Le mouvement de résistance palestinien Hamas a publié une déclaration saluant l'intervention du Nicaragua à la CIJ et a appelé les pays du monde « à suivre l'exemple du Nicaragua, de l'Afrique du Sud et d'autres pays qui ont refusé de fermer les yeux sur le crime commis par l'entité d'occupation sioniste à Gaza, avec le soutien manifeste des gouvernements occidentaux ». Le Hamas a également appelé la CIJ à rendre « des décisions fermes qui conduiraient à l'arrêt du génocide en cours à Gaza, en dépit de ses décisions antérieures, que l'ennemi sioniste a ignorées, comme toutes les décisions, tous les accords et toutes les lois internationales ».

La cause du Nicaragua

Le Nicaragua a fait valoir que les responsables allemands au plus haut niveau « ont reconnu que la situation à Gaza soulève des doutes quant au respect des règles élémentaires du droit international et que ces questions doivent être abordées » et « pourtant, en ce moment-même, l'exportation d'armes et d'équipements militaires allemands vers Israël, susceptibles d'être utilisés pour commettre ces graves violations du droit international, se poursuit ».

Dans son allocution d'ouverture, l'ambassadeur du Nicaragua aux Pays-Bas, Carlos José Arguello Gomez, a expliqué que « de graves violations du droit humanitaire international, y compris un génocide, ont lieu en Palestine » et qu'elles sont « commises ouvertement ». Lorsqu'une situation de cette nature se produit ou risque de se produire, les obligations de tous les États sont claires : non seulement les États ne doivent pas favoriser la situation en aidant ou en assistant l'auteur, mais ils doivent faire tout leur possible pour empêcher ces violations. « L'Allemagne a manqué à ces obligations imposées à tous les États », a déclaré l'ambassadeur.

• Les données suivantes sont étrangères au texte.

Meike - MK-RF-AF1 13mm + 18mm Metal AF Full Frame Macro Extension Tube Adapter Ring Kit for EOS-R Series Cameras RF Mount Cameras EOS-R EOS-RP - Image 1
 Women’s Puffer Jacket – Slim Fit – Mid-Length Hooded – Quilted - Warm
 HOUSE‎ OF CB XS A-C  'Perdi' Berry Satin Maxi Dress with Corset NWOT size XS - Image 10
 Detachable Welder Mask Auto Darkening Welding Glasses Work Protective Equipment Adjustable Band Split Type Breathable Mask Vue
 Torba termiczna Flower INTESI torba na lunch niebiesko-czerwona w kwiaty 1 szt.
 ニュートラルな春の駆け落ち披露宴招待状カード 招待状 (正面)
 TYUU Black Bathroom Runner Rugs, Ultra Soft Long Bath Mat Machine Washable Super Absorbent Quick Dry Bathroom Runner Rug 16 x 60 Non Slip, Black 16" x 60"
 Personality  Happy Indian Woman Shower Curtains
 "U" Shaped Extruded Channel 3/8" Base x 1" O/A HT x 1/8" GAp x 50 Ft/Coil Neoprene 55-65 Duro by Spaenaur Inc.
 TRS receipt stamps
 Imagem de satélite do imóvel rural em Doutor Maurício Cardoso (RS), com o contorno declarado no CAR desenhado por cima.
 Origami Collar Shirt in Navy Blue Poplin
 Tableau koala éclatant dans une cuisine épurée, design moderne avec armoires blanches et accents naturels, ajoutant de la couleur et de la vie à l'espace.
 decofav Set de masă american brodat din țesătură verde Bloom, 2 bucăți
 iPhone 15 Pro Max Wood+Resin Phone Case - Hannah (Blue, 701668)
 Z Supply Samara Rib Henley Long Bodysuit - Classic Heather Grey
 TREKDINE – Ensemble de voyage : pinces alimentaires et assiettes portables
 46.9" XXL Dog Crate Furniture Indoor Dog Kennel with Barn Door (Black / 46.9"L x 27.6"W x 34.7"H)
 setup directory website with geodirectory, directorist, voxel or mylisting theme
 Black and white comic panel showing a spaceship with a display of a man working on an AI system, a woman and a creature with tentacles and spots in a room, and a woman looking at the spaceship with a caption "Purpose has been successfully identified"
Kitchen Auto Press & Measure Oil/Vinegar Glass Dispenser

En ce qui concerne l'arrêt de la CIJ du 26 janvier, selon lequel il est plausible qu'Israël commette des actes de génocide à Gaza, l'Allemagne avait l'obligation de cesser d'aider Israël. « L'obligation de prévenir un génocide naît lorsqu'il devient clair qu'un génocide est en train d'être commis », a déclaré l'ambassadeur nicaraguayen. Or, l'Allemagne « continue à ce jour de fournir une assistance militaire à Israël ». Il a ajouté :

« L'Allemagne est responsable dans la mesure où ces infractions ont rendu possible ou facilité ces graves violations des normes juridiques internationales générales visant le peuple palestinien, non seulement dans la bande de Gaza, mais aussi dans les territoires occupés et en Israël même. C'est ce qui justifie à la fois la demande du Nicaragua adressée à l'Allemagne et la demande de mesures conservatoires.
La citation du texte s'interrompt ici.